Last week, the internet was ablaze with reactions of all sorts after hearing Kendrick Lamar’s verse on “Control”. In my opinion, Kendrick wrote a dope verse that awakened the hunger that is suppose to be in hip hop’s heart everyday. With all of the hoopla (diss responses, blogs, videos) and scandals, the most tragic thing that has been happening within the rap game is still occurring: the overlooking of a talented artist.
Many “born-again hip hop purists” claim that they are fans of New York hip hop. If so, why is Brownsville’s own Ka not mentioned in most people’s top 10 list of the best MC’s out of New York today? Maybe it’s because he is not focused on the glory. Well, one thing that I can say for sure is that The Night’s Gambit is a patient and dark piece of artistry that is hard to ignore. On this album, Ka expands on his craft even more from his previous LP, Grief Pedigree and evolves into a street artist that has found somewhat of an inner sanction.

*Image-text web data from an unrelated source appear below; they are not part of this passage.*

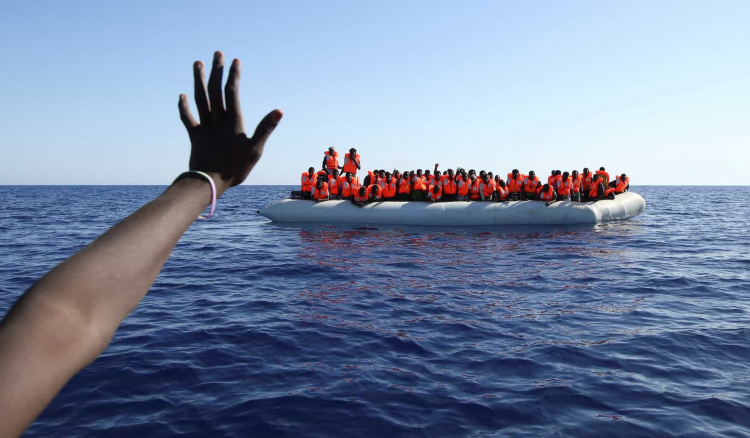 Embarcação de migrantes africanos encontrada ao largo de Santo Antão com cadáver a bordo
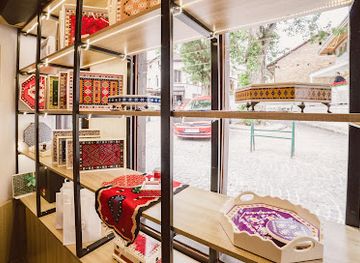 bosnia-and-herzegovina/trebevic-mountain/shop/jonze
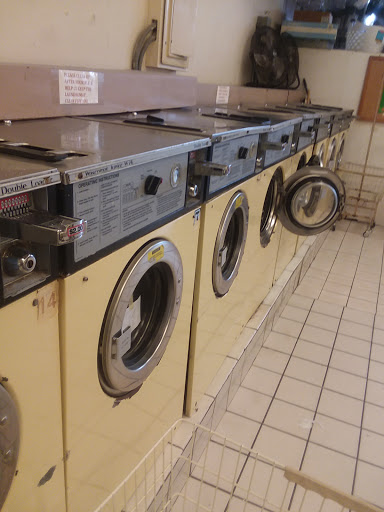 Laundry «Soap Box Laundrymat & Cleaners», reviews and photos, 1345 US-1, North Brunswick Township, NJ 08902, USA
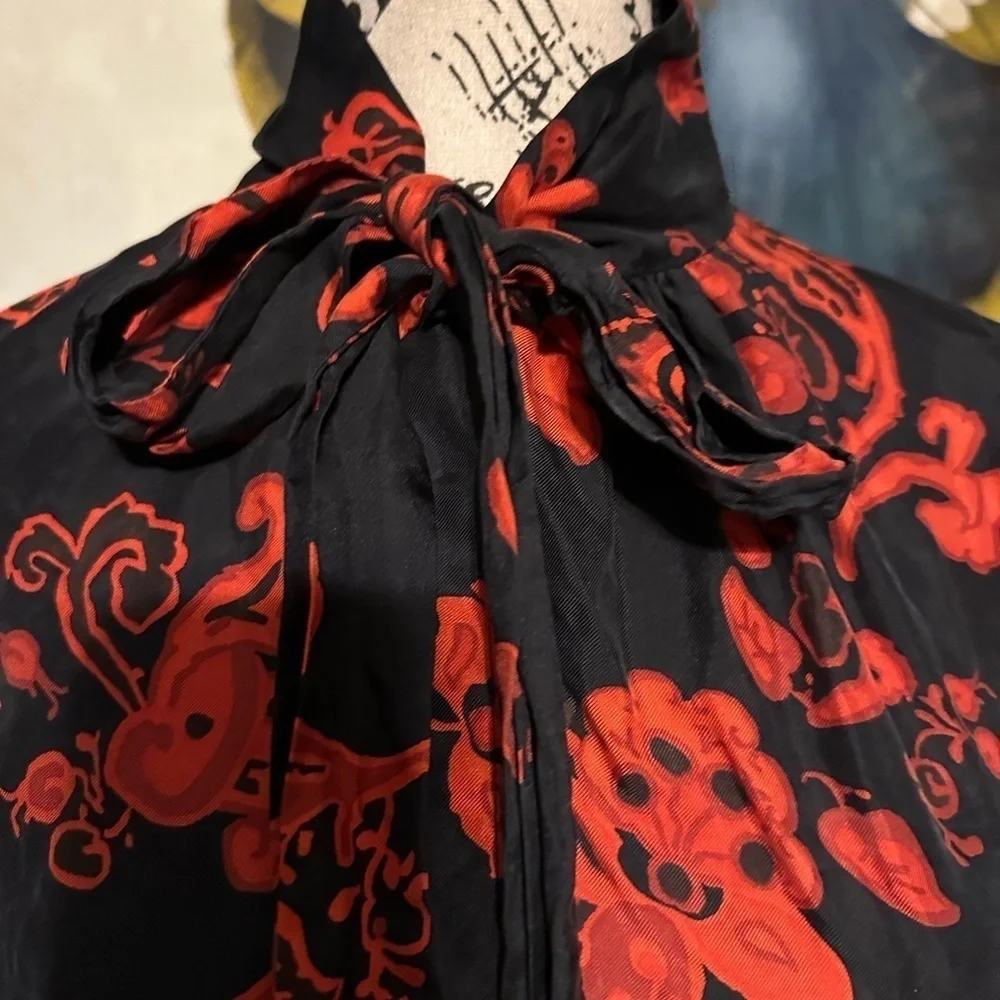 Tory Burch blouse EUC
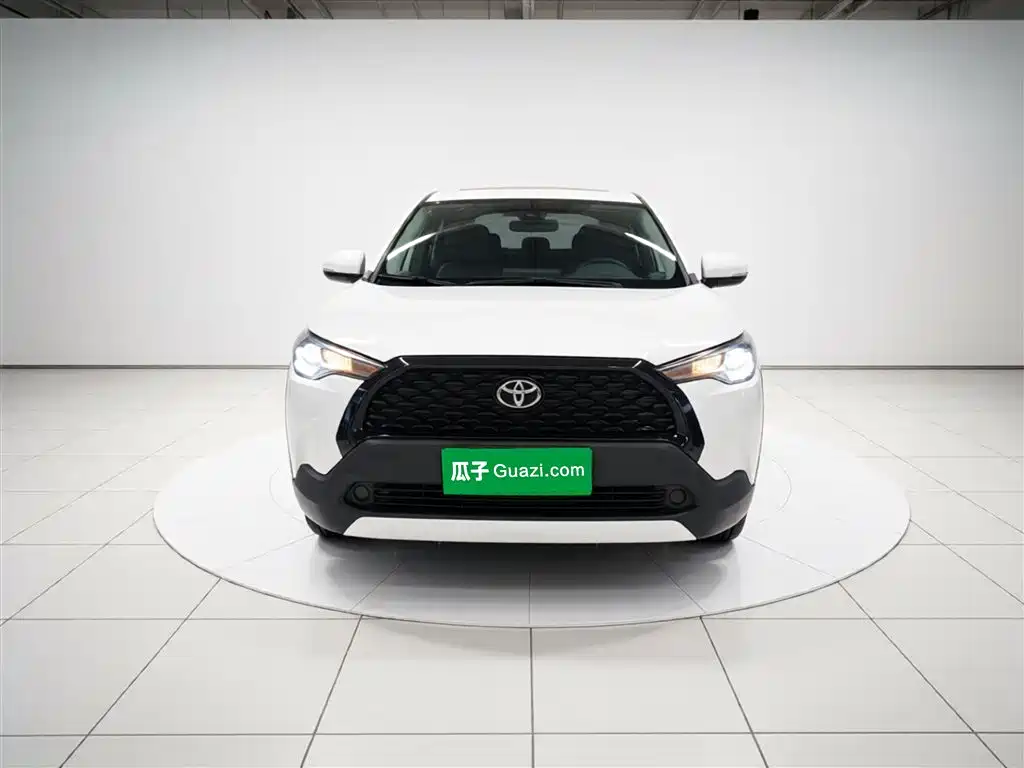 Toyota Corolla Cross 2022 2.0L Elite Edition фото 3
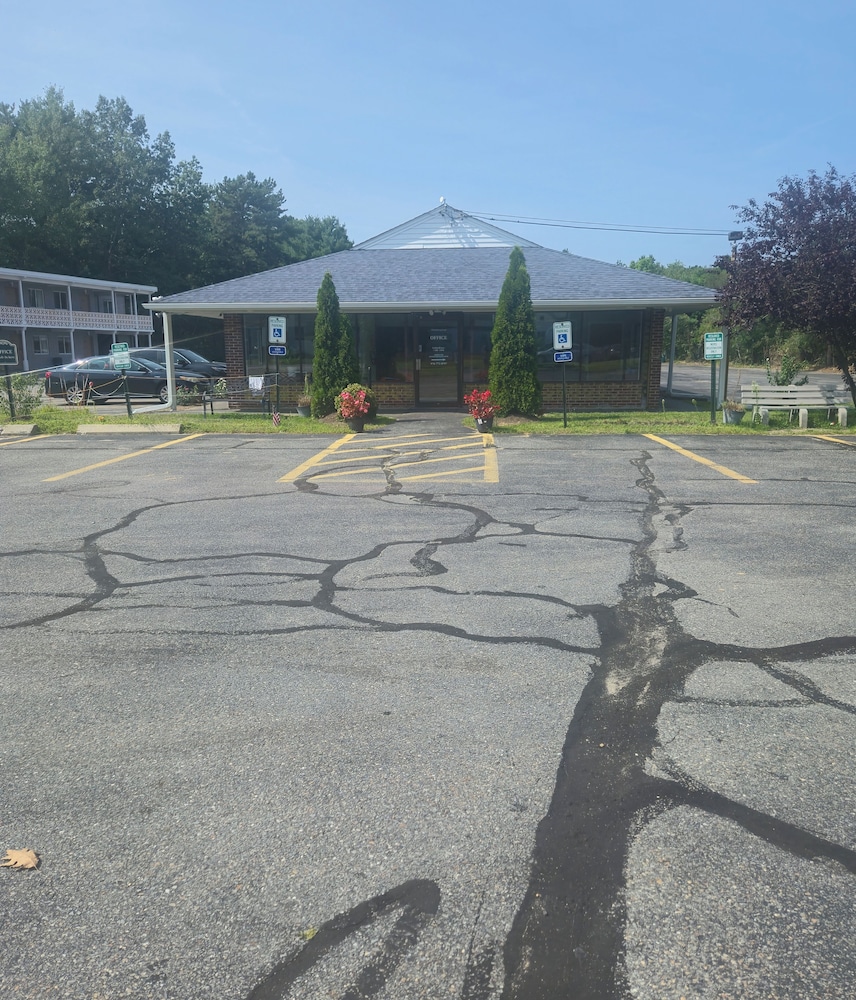 Ayer Motor Inn - photo 32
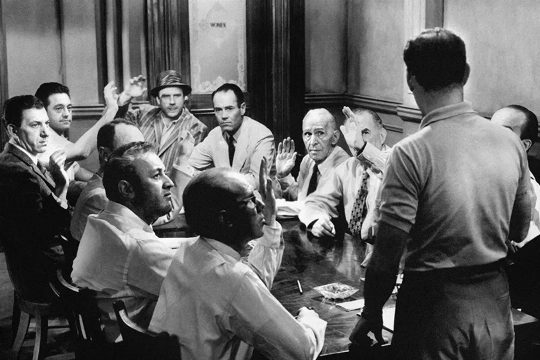 One of the greatest thrillers ever filmed has no violence at all, and it streams free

The most notable thing about Ka is his delivery. He is not exactly sporadic or “in your face, trying to captivate the audience with an eccentric character. Instead, he is calm, meditative and monotone, although, far from boring. Ka opts for his words to do all of the talking, without any other distractions that may sway the listener into a wondrous territory, a skill that I believe many MC’s lack in today’s game. This patience allows lines such as “Prepping the day like it’s the last night of feeding/Figured the fast route since we’ve been cast out of Eden to shine through. To be completely honest, this kind of hip-hop is the equivalent to Slint’s Spiderland in the since that a lot is brought to light, due to the fact that the bare bones are presented to you.
The stripped down nature of the album even leaks into the production, which makes the album feel like a spoken word project at times. Like on the track “Peace Akhi, which features these bongos that lay gently in the mix, giving the song a nice juxtaposition between being primal and being street. “Nothing Is is one of my favorites instrumentals on the entire album; it sounds like it samples a 70’s movie score or a soul track. The sound is so simple, yet it is elegant. It is not overly bombastic or grandiose and it does not delve into the nostalgia of 90’s boom-bap. The track feels like it is something that belongs exclusively to Ka. This shows that the man knows his history, along with the last cut on the album, “Off the Record.
If you are just getting into hip-hop and you are looking for a reference point as far as “classic albums are concerned, listen to this song. Ka mentions everything: Ready to Die, Illmatic, Enta Da Stage and even O.C. (Jewelz!!). To be honest, I cannot complain about this album. I wish the production was a little bit more adventurous at points, although I believe anything too far out would distract one from Ka’s messages. Who am I to ask for that? It is clear that on The Night’s Gambit, Ka cared about the ART of emceeing, even before Kendrick’s verse.